> _Exercise requirements_
The answer must consist solely of the lines from the one containing "Woman wearing CloudWaffle" through the last line of the records, set down exactly and without any pictures.

> _Exercise data_

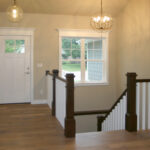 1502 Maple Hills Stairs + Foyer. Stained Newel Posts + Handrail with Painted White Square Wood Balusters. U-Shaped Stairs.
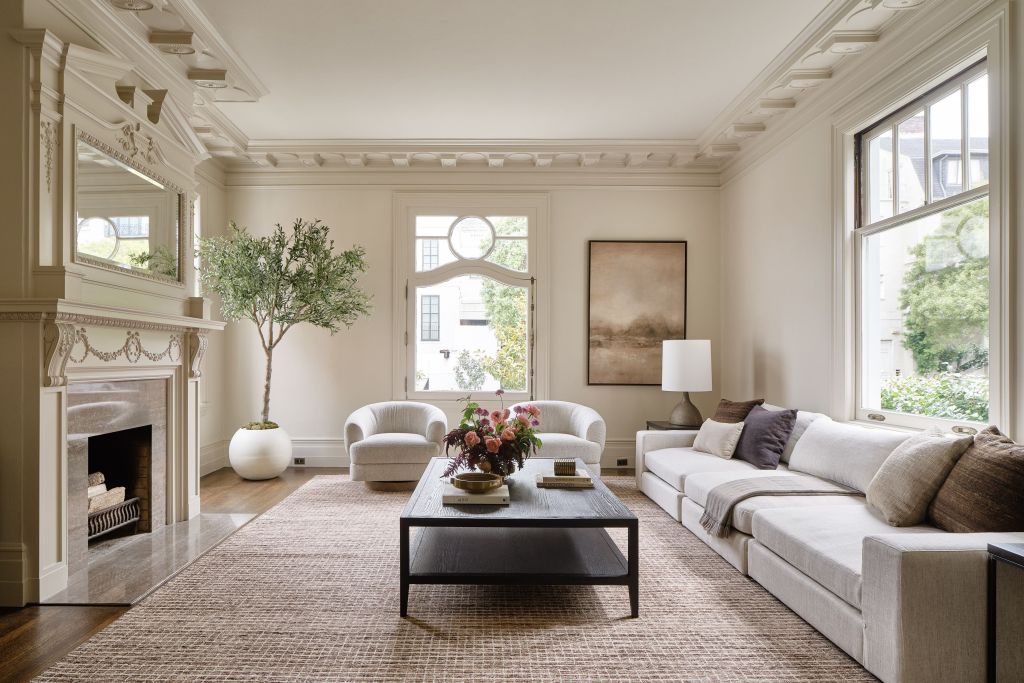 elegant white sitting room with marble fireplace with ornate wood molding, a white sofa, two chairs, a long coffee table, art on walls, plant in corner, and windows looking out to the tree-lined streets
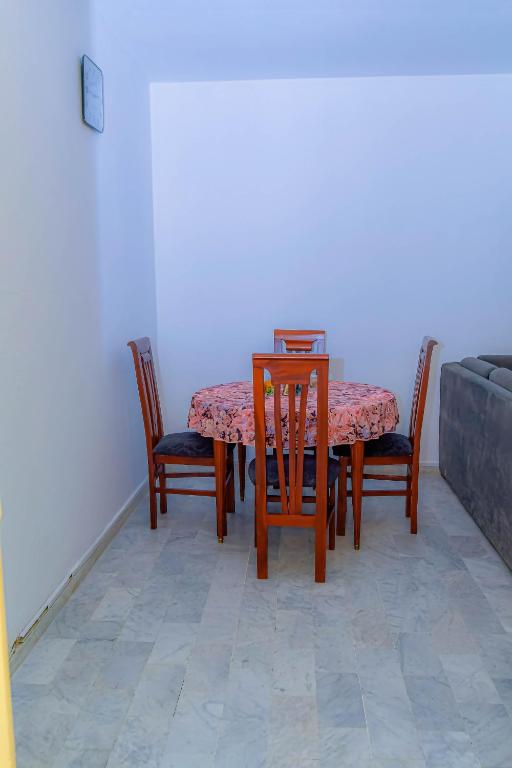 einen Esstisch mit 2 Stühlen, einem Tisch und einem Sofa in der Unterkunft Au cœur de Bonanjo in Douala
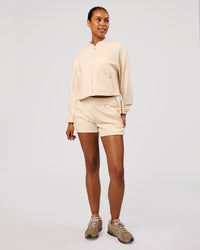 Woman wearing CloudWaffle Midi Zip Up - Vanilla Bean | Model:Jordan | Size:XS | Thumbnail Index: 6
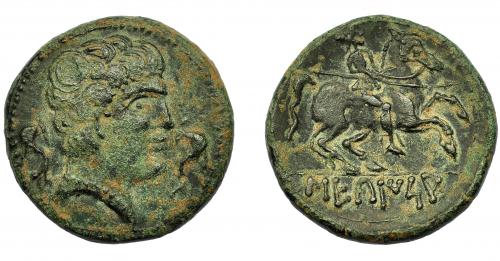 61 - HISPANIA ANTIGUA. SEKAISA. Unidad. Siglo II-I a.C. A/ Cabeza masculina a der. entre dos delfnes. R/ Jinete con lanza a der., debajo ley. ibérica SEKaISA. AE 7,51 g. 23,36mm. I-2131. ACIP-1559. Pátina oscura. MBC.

> _Completed exercise_
 Woman wearing CloudWaffle Midi Zip Up - Vanilla Bean | Model:Jordan | Size:XS | Thumbnail Index: 6
 61 - HISPANIA ANTIGUA. SEKAISA. Unidad. Siglo II-I a.C. A/ Cabeza masculina a der. entre dos delfnes. R/ Jinete con lanza a der., debajo ley. ibérica SEKaISA. AE 7,51 g. 23,36mm. I-2131. ACIP-1559. Pátina oscura. MBC.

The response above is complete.